--- Supplied records Enclosed Below ---
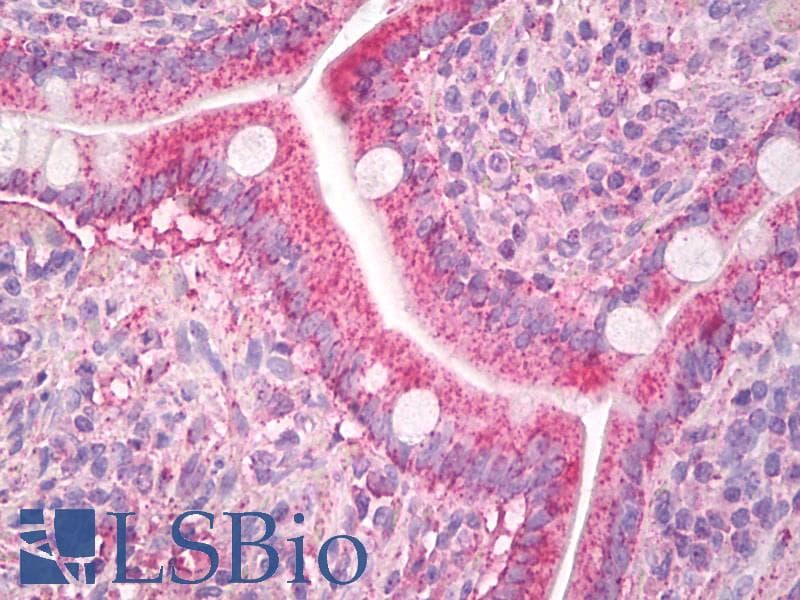 IHC-plus™ CCL8 / MCP2 Antibody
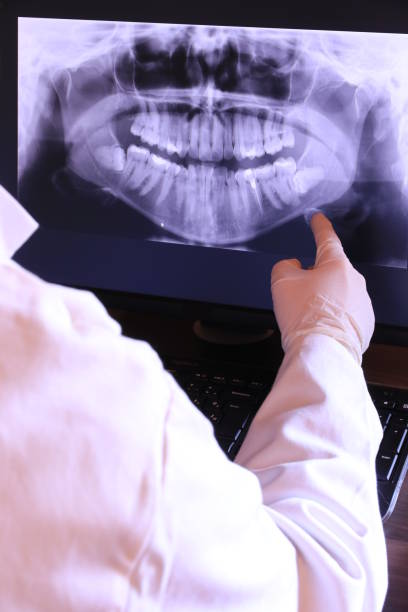 Best Emergency Dentist for Lost Fillings or Crowns in Commercial Point, OH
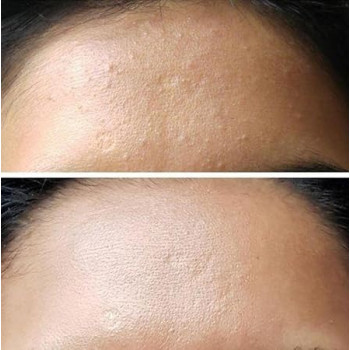 Benton Aloe Bha Skin Toner Calming And Soothing, 200 Ml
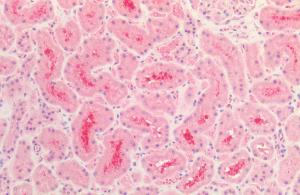 Immunohistochemistry analysis of human kidney, fixed in formalin and paraffin-embedded. The Primary Antibody used was Anti-Tau Antibody (A304913).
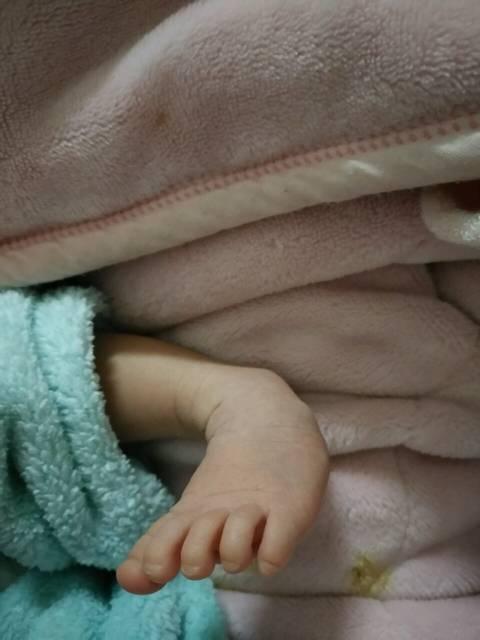 孕期没做最重要的大排畸孕检, 生出足内翻宝宝你就后悔了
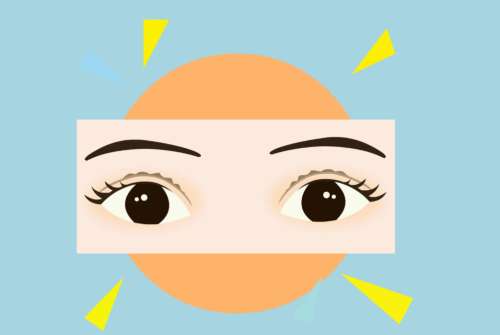 西安高一生张林宏医生双眼皮手术怎么样？解决眼睛无神的问题、术后美观度强…插图1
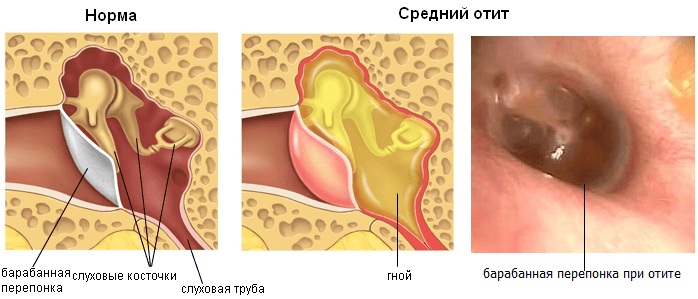 Заложенность в ушах. Причины и лечение шума, звона, боли в горле, при насморке, от удара, после сна. Чем капать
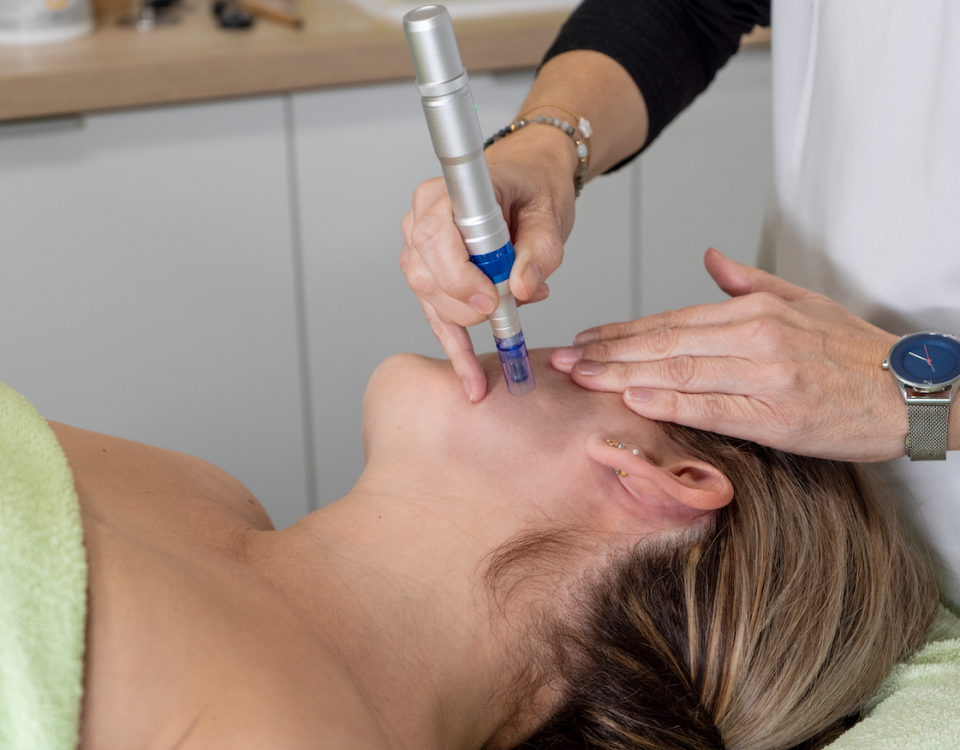 mejores tratamientos faciales zaragoza dermapen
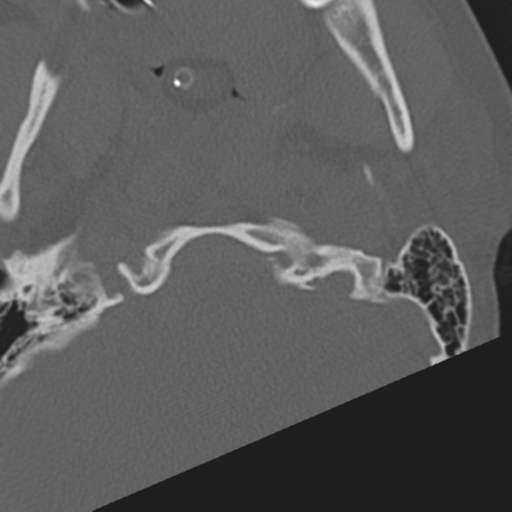 File:Atlanto-occipital dissociation (Radiopaedia 33848-35013 Axial bone window 3).png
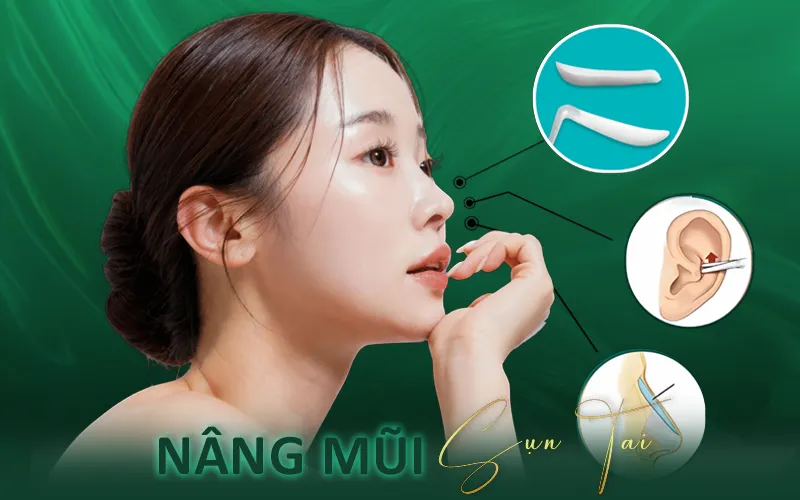 yếu tố ảnh hưởng chi phí nâng mũi sụn tai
--- End of Enclosed Supplied records ---
_Problem_
Please output exactly the lines from the line containing "西安高一生张林宏医生双眼皮手术怎么样？解决眼睛无神的问题、术后美观度强…插图1" through the last line of the records above, both included, and leave out any pictures.

_Answer for the task_
 西安高一生张林宏医生双眼皮手术怎么样？解决眼睛无神的问题、术后美观度强…插图1
 Заложенность в ушах. Причины и лечение шума, звона, боли в горле, при насморке, от удара, после сна. Чем капать
 mejores tratamientos faciales zaragoza dermapen
 File:Atlanto-occipital dissociation (Radiopaedia 33848-35013 Axial bone window 3).png
 yếu tố ảnh hưởng chi phí nâng mũi sụn tai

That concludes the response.